How to complete this task: Drop every picture, then transcribe the remaining data exactly.

Provided data:
※

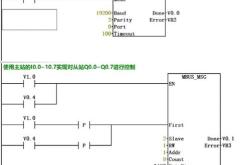 plc主站程序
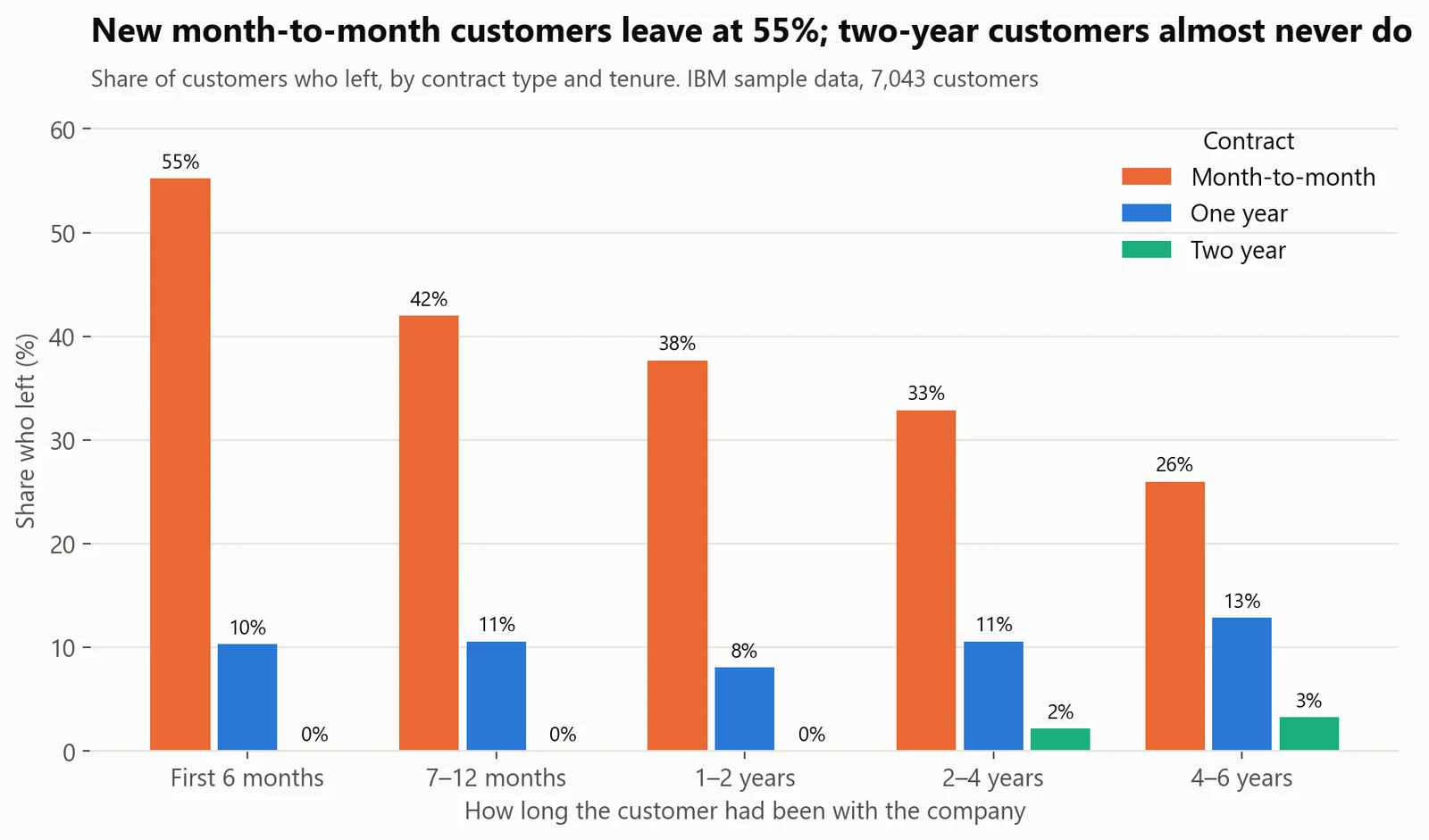 New month-to-month customers are the risk. 55% of month-to-month customers in their first 6 months had left, against 3% of two-year customers. Month-to-month customers account for 87% of the monthly revenue lost to churn.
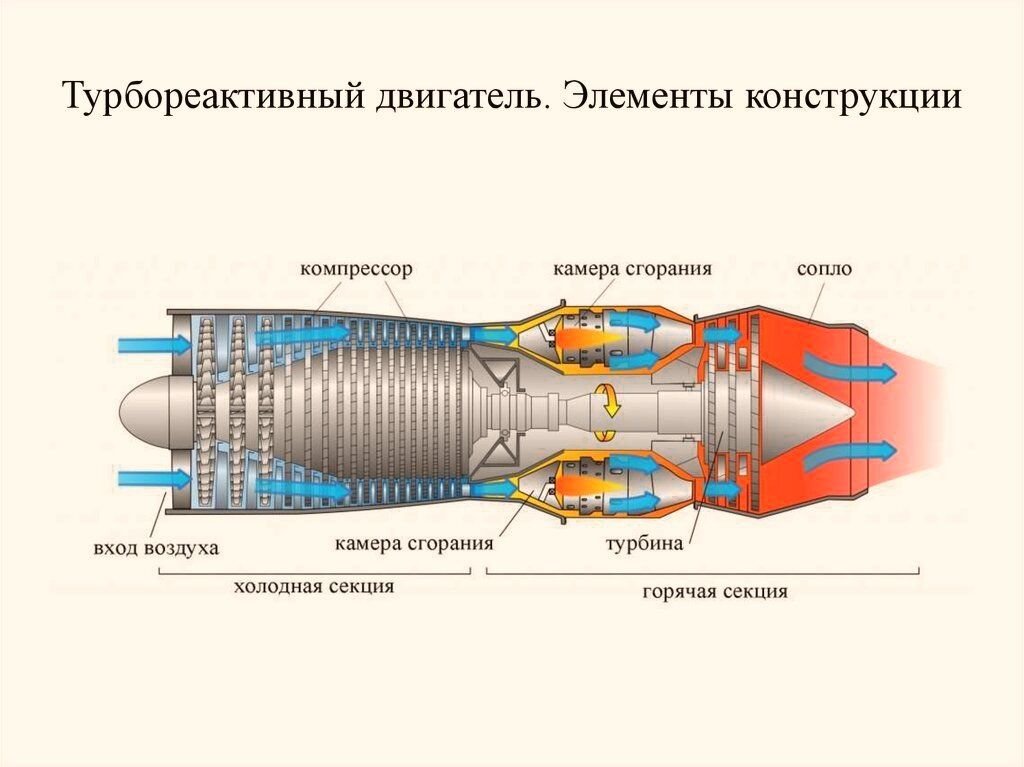 Схема турбореактивного двигателя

※

Response for this exercise:
 plc主站程序
 New month-to-month customers are the risk. 55% of month-to-month customers in their first 6 months had left, against 3% of two-year customers. Month-to-month customers account for 87% of the monthly revenue lost to churn.
 Схема турбореактивного двигателя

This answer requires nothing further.